# Exercise:
Your answer should be the lines from the one with "6. Maewoon Dak" to the end of the data below, both included, exact and free of pictures.

*** Opening of Data below ***

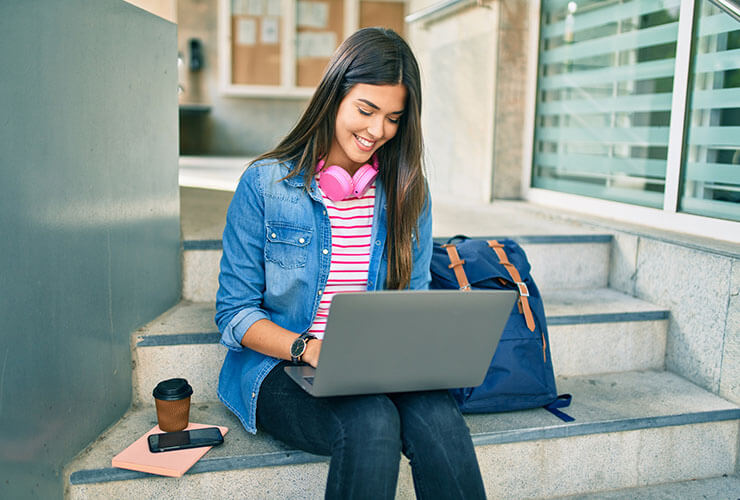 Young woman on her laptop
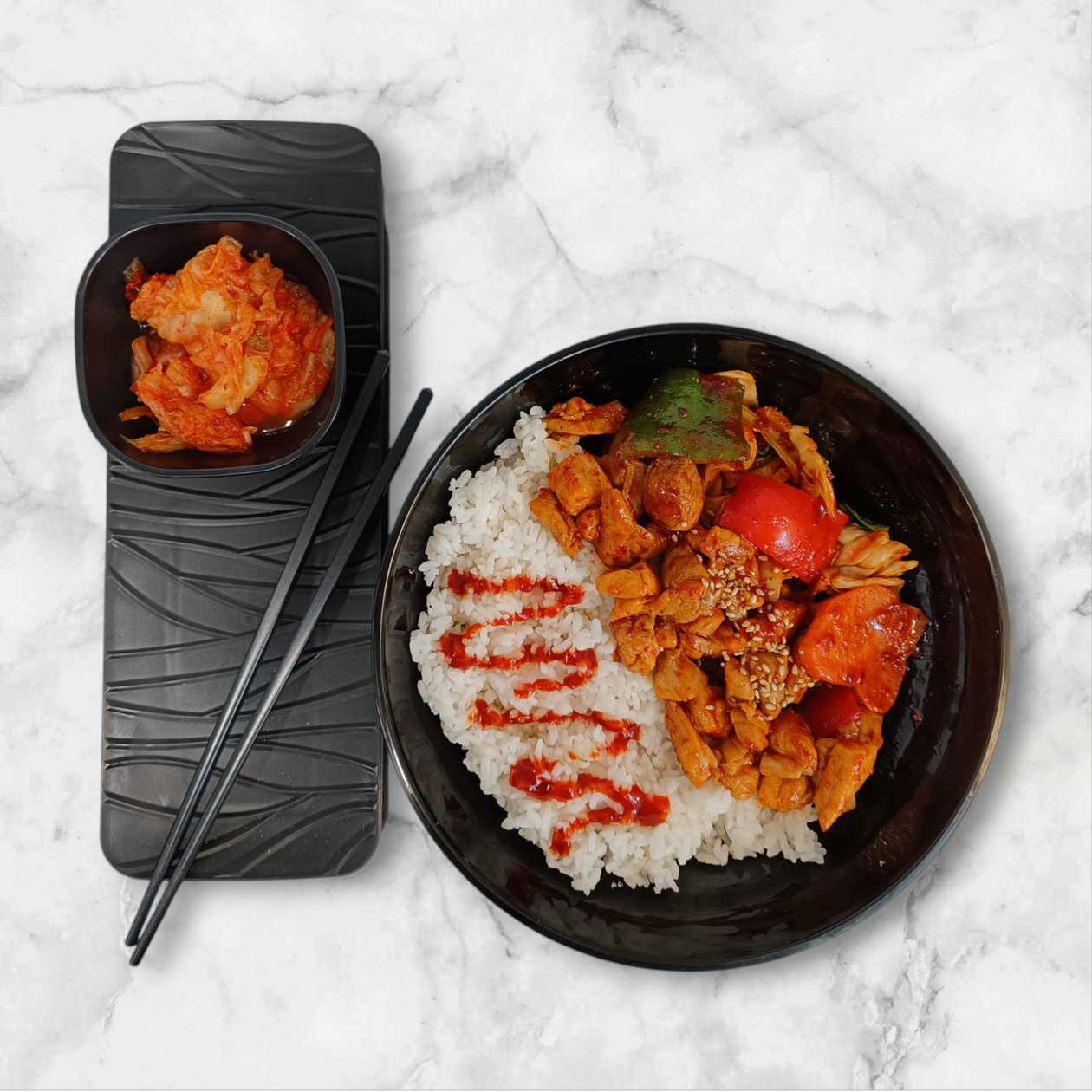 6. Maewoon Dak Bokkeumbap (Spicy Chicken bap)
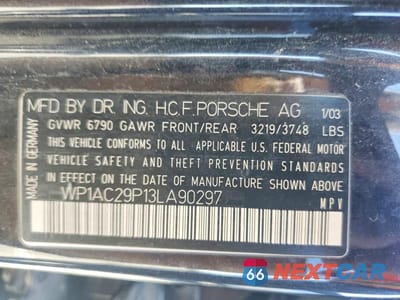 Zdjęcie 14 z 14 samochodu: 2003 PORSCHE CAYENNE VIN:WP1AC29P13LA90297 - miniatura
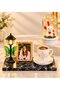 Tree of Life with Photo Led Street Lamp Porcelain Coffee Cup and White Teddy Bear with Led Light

*** Close of Data below ***

# Task solution:
 6. Maewoon Dak Bokkeumbap (Spicy Chicken bap)
 Zdjęcie 14 z 14 samochodu: 2003 PORSCHE CAYENNE VIN:WP1AC29P13LA90297 - miniatura
 Tree of Life with Photo Led Street Lamp Porcelain Coffee Cup and White Teddy Bear with Led Light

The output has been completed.